Sembrano chiacchiere. Non lo sono mai. Il calcio secondo Ivan Javorcic è un filtro attraverso cui leggere la realtà. Regole, schemi, comportamenti. Solo un gioco? Sì, ciao… Semplificazione impraticabile per lo spalatino il cui codice di procedura può prevedere anche la permanenza in ufficio (lo Speroni ovviamente), sino alle 20 di un sabato non preagonistico. Perché il football moderno non contempla l’improvvisazione. La versione unplugged di Ivan Drago trova il riff nella strettissima attualità: “Le massime espressioni del calcio di oggi sono quelle di Klopp e Guardiola. Senza dimenticare la parabola di Gasperini in Italia. Per progettualità e capacità di cambiare. Adattandosi alle circostanze. Ad un livello più basso penso al Cittadella in B e al SudTirol in C. Non Monza, Vicenza e le altre superpotenze della categoria che per dimensione incarnano prospettive differenti. E poi ci metterei anche la Pro Patria. Perché non potremmo essere noi un piccolo modello?”.
Quattro settimane dall’ultima partita. Tante, troppe?
“Sono quelle che sono. Io posso dire di essere molto contento del gruppo che ho ritrovato. Con grande spirito, energia ed entusiasmo. Tutti carichi e pronti al sacrificio (Oggi intanto partitella in famiglia con innesti dalla Macallesi. Domani riposo e ripresa allenamenti martedì pomeriggio, ndr)”.
In occasione del brindisi di Natale con la stampa, Turotti aveva chiosato: “Quando si fa uno sciopero si perde qualcosa per ottenere qualcosa”. Concorda?
“Assolutamente. Siamo arrivati ad un punto di non ritorno della categoria. La C deve diventare sostenibile. Anche (come ha ricordato qualcuno) per il profondo respiro sociale che esprime. Un aspetto che non dobbiamo sottovalutare”.
Sbagliato fare i confronti. Ma alla fine li fanno tutti. Quindi…Rispetto all’anno passato, 3 gol in più segnati, stessi subiti e 3 punti in meno. Saldo coerente?
“I numeri dopo 19 giornate hanno una loro attendibilità. Diciamo che mi ci ritrovo per il percorso che abbiamo compiuto. Il feedback è appropriato con quanto mi aspettavo. Certo, forse manca qualche punto. Soprattutto allo “Speroni”. Ma abbiamo una fase offensiva più fluida. Arriviamo con più frequenza nell’area avversaria. Era uno degli obiettivi stagionali. Quest’anno il confine tra vincere e perdere una partita è molto più sottile. Dipende davvero dai dettagli. Faccio un esempio. Contro il Novara, il dato sugli expected goals avrebbe visto prevalere la Pro Patria. Il campo ha invece detto altro”.

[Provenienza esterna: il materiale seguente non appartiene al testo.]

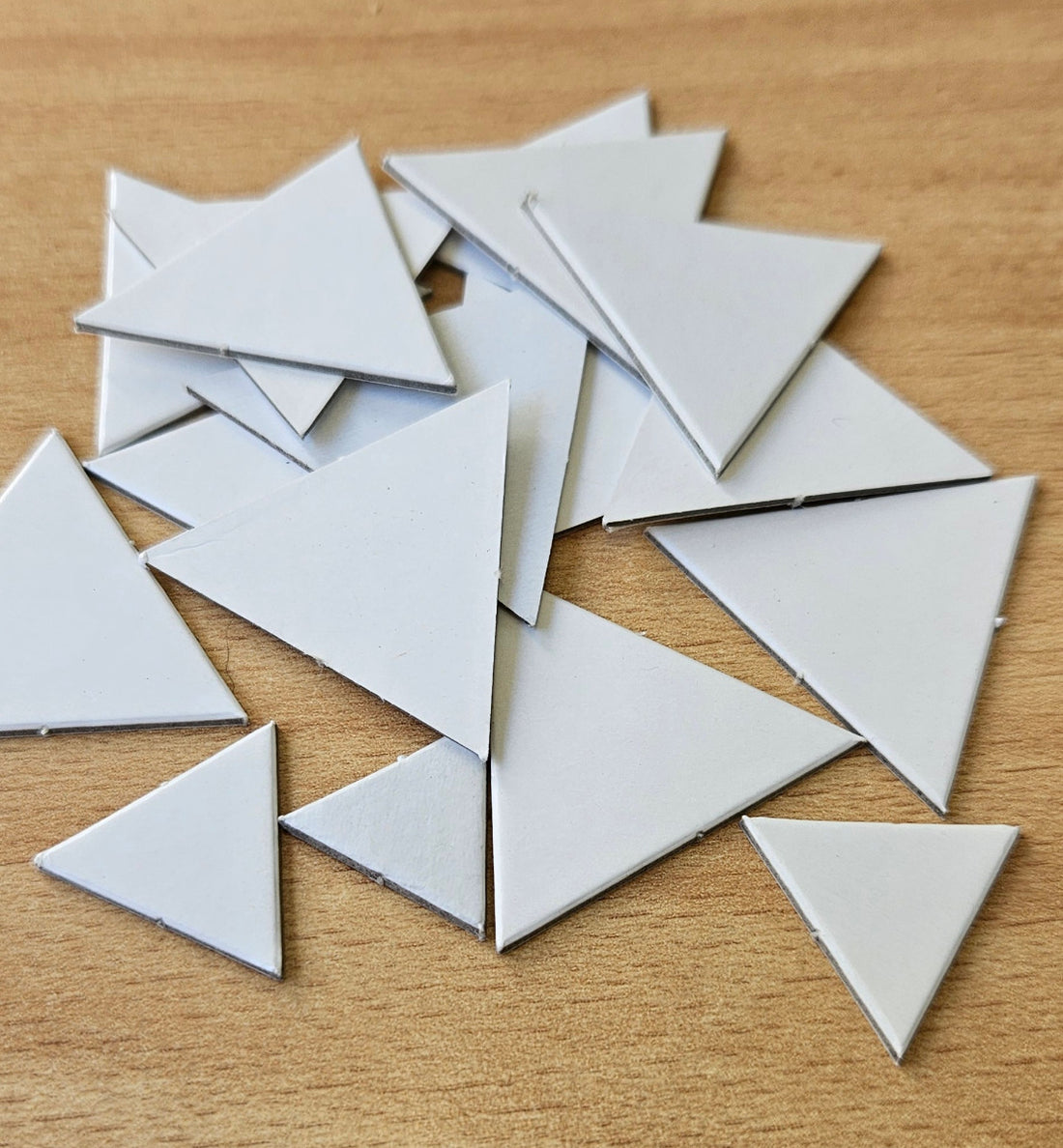 Set triangles - Auction, starting price 30 EUR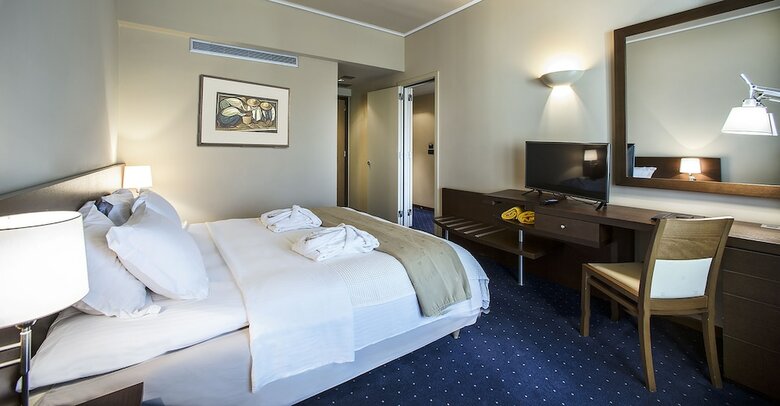 Dekelia Hotel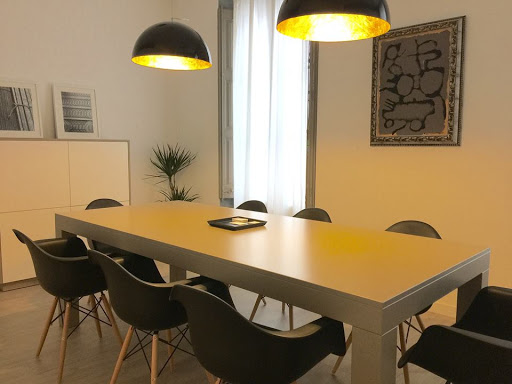 Información y opiniones sobre Iures Advocats de Gerona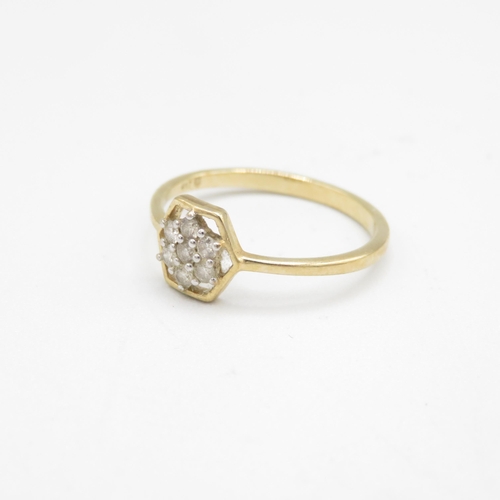 192 - 10ct gold diamond dress ring (1.9g) Size  S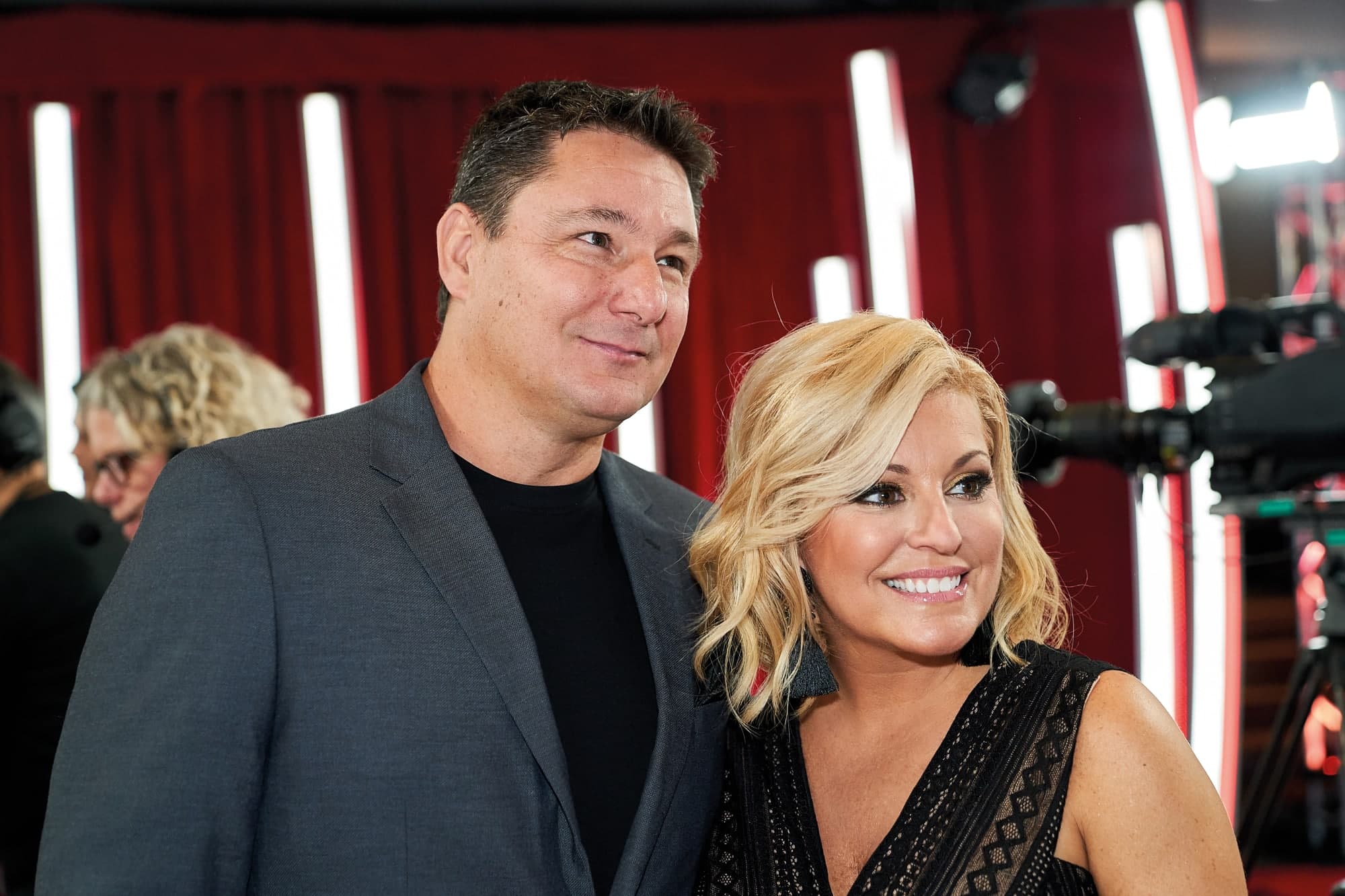 En compagnie de Carl Bazinet, avec qui elle célébrera cette année ses 20 ans de mariage.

Capitolo under: una precisa scelta societaria. Spizzichino, Brignoli, Cottarelli, Mangano e Ghioldi sommano 30 giornate complessive di assenza (squalifiche escluse). Quanto questo ha influito nella crescita della squadra?
“Ci sono stati doppi infortuni negli stessi ruoli. Questo ha certamente condizionato il processo di crescita. C’è stata una naturale tendenza all’adattamento. Fietta ha dovuto giocare molto più spesso da mezzala, Colombo da esterno (anche se sarebbe il suo ruolo). Li ho dovuti spesso utilizzare insieme. Cosa che sarebbe stata fatto meno senza le tante assenze che abbiamo registrato. Ora Cottarelli e Ghioldi sono pronti. Brignoli, Molnar e Spizzichino clinicamente ristabiliti. Conto di averli tutti in campo e pienamente in condizione entro il match del 26 con la Juventus U23″.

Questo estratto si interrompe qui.